A mi-chemin entre Hitchcock et Spielberg, Joe Dante installe l'étrangeté dans le cadre familier d'une banlieue américaine
THE BURBS
1989 – USA
Réalisé par Joe Dante
Avec Tom Hanks, Bruce Dern, Carrie Fisher, Rick Ducommun, Corey Feldman, Wendy Schaal, Henry Gibson, Brother Theodore
THEMA TUEURS
The Burbs fait partie des œuvres méconnues de Joe Dante, personnalité définitivement hors norme dans la jungle d’Hollywood. Tourné entre L’Aventure intérieure et Gremlins 2, le film choisit pour cadre unique un banal quartier de la banlieue américaine (the suburbs). Ray Peterson (Tom Hanks dans sa période comique), monsieur-tout-le-monde en quête de détente, entend bien profiter de sa semaine de vacances pour ne pas quitter ses chaussons et bricoler à la maison. C’est compter sans l’arrivée de curieux et très secrets voisins étrangers, les Klopek, qu’il soupçonne rapidement d’être des meurtriers sanguinaires. Aidé par deux autres résidents du quartier, il va tenter de les démasquer au péril de sa vie, et de son précieux farniente…
Le lieu de l’action, les protagonistes, l’atmosphère bon enfant mâtinée de mystère, tout évoque les divines productions Amblin de Steven Spielberg. Dante choisit cependant de ne pas donner le rôle des investigateurs à des enfants comme dans Explorers ou E.T., mais à des adultes (qui se comportent néanmoins comme des adolescents attardés en quête de sensations fortes, nous y reviendrons). Choix orienté puisque le but affiché ici est, sous couvert de la comédie loufoque, de condamner l’Américain moyen protectionniste et gentiment xénophobe qui voit forcément d’un œil mauvais l’arrivée de l’Etranger sur son territoire, et se battra bec et ongles (quitte à perdre, au choix, la face ou la raison) pour défendre ses biens. Les références au western (Leone et Morricone sont cités au détour d’un gag) et au film de guerre (Jerry Goldsmith reprend avec malice son propre thème de Patton et le personnage de Bruce Dern est un vétéran du Vietnam) sont donc tout sauf gratuites.

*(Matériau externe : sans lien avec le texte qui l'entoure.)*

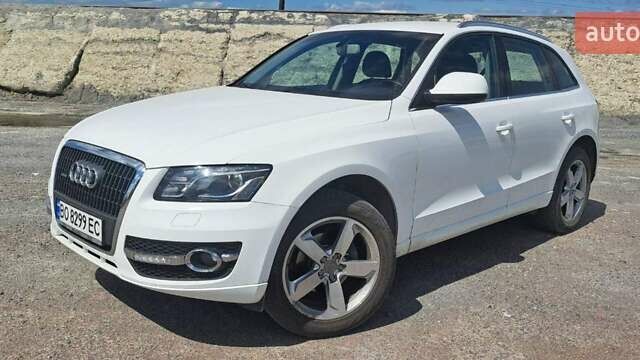 Ауди Ку 5, объемом двигателя 1.97 л и пробегом 232 тыс. км за 16500 $, фото 8 на Automoto.ua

Léger et parodique, puis soudain inquiétant et gothique
Partant d’un scénario et de ressorts dramatiques à la Fenêtre sur cour, le film ne cesse d’intriguer, tour à tour léger et parodique, puis soudain inquiétant et gothique, rendant majestueusement hommage à la Hammer via cette famille Klopek sortie tout droit d’un Terence Fisher ou, par extension, de Frankenstein Junior. Qui plus est, un réel suspense est entretenu jusqu’au bout sur la nature des véritables agissements des voisins infernaux. La force du réalisateur est d’utiliser des personnages archétypaux (le héros sympathiquement puéril, l’épouse aimante et maternelle, le voisin/copain crétin à mauvaise influence…) et de les caricaturer sans les juger pour autant, car même s’il les malmène tel un entomologiste au profit d’une démonstration idéologique cinglante, il conserve une indéfectible tendresse à leur égard. La plupart des personnages principaux de la filmographie de Dante sont issus de la middle class américaine, fourmis broyées par le consumérisme et les valeurs imposées qui vivent des aventures extraordinaires en désirant simplement briser une routine sclérosante. Le personnage de Tom Hanks s’ennuie et rêve d’une énigme à résoudre (même si elle perturbe grandement son ordre établi), Jack Putter (L’Aventure intérieure) travaille au supermarché et veut partir en voyage lorsqu’il tombe en plein scénario d’espionnage, Billy Peltzer (Gremlins), dessinateur naïf, se voit offrir un animal fantasmagorique par son père et déclenche une invasion de monstres… Au-delà de la critique des grandes erreurs humaines (Piranhas, Small Soldiers, et plus récemment The Hole et sa violence parentale), les carcans symboliques et familiaux ne demandent qu’à imploser face à la curiosité et à l’imaginaire que nous oublions tous progressivement, enfouis sous le poids de nos responsabilités d’adultes. Là où John Carpenter et Wes Craven se sont fait déborder par le cynisme, Joe Dante, lui, n’a visiblement jamais oublié.